Al Jazeera, like any media organisation, never gets it all right, and has no doubt made mistakes and offended many, including the plethora of governments listed above. But banning news organisations from reporting in your country is a tactic straight from the authoritarian playbook. A critical part of the support for Israel in the United States and Europe is that it is, as typically stated, “the only democracy in the Middle East”. The far-right government now ruling Israel, which unanimously approved the banning of the most open, widely viewed network in the region, has limited patience for the requirements of democracy.

It is not just elections that define democracy. Russia and China hold elections. It is not just majority rule that defines democracy; mistreatment of Muslims by the ruling Hindu nationalist BJP in India is broadly popular. What fundamentally defines democracy is freedom of expression – even the expression of opinions that are unpopular, offensive, biased or wrong. No media outlet should call for or incite violence. But the press is entitled to report, disclose, expose, and criticise.

Israel has had a vibrant and highly argumentative media sector since its inception. It has more than a million Arab citizens.
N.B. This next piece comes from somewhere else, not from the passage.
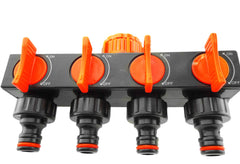 4-Way Splitter with Valves Black/Orange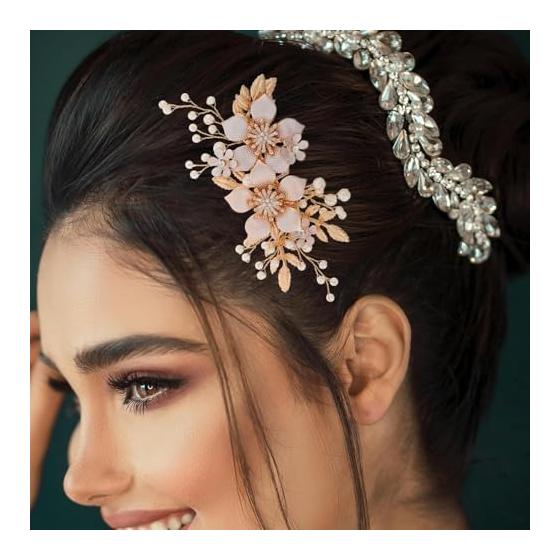 DFsucces Hair Stick Pin, Hair Accessories, Pearl Hair Ornament, Flower, Pink Gold, For Japanese and Western Outfits, Coming-of-Age Ceremonies,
For the prime minister to call it “a mouthpiece for Hamas” is neither accurate nor fulfilling the requirement that, in the words of Justice Brennan, “debate on public issues should be uninhibited, robust and wide open”. Nor does Al Jazeera threaten the security of Israel; claims of national security are always put forward to silence dissent. Israel’s security is far more threatened when a radical right-wing government tries to silence opinions it does not like. Al Jazeera has been around for nearly 30 years. It has no army or weapons; it is a fallible, opinionated media outlet.

Justice Louis Brandeis, who gave his name to a distinguished American university, was the first Jewish person ever appointed to the United States Supreme Court. He endured a lifetime of antisemitic rejection, including from some of his fellow justices who refused to speak to him. He wrote in 1927: “If there be time to expose through discussion the falsehood and fallacies, to avert the evil by the processes of education, the remedy to be applied is more speech, not enforced silence.” He well understood, and staked his reputation on absolute freedom of speech – even speech with which one may strongly disagree.

Sadly, the shutdown of Al Jazeera is the beginning of the imposition of “enforced silence” in Israel, and it lowers the barrier everywhere. It is the tool of tyrants and should be denounced as inimical to freedom, in Israel and everywhere.